TASK: Whatever precedes the line containing "image:imageArt3d 10Sheet HeavyDuty" is not copied; that line and every line after it through the final one below are copied exactly, except pictures.

┌─ DATA

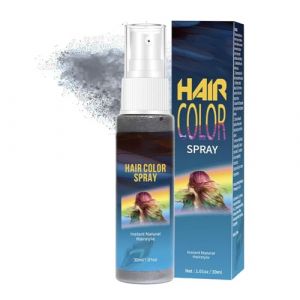 Spray Cheveux Vert,Spray Temporaire pour Coloration Cheveux,sprays vert cheveux temporaire,Sprays Colorant Cheveux,Rapide et Séchage Rapide,Teinture à Usage Unique Lavable,pour Fête,Cosplay (Gris) (EnviableVB, neuf)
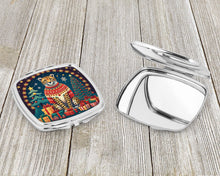 Load image into Gallery viewer, Cheetah Christmas Compact Mirror – Stylish Purse Mirror with Artistic Covers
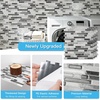 image:imageArt3d 10Sheet HeavyDuty Peel and Stick Backsplash Waterproof Wall Tiles Stick on Kitchen Backsplash Living Space Eurasian Mocha StoneMultitone Gray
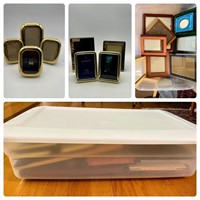 Tub of Misc. Sized Picture Frames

└─

TASK OUTPUT:
 image:imageArt3d 10Sheet HeavyDuty Peel and Stick Backsplash Waterproof Wall Tiles Stick on Kitchen Backsplash Living Space Eurasian Mocha StoneMultitone Gray
 Tub of Misc. Sized Picture Frames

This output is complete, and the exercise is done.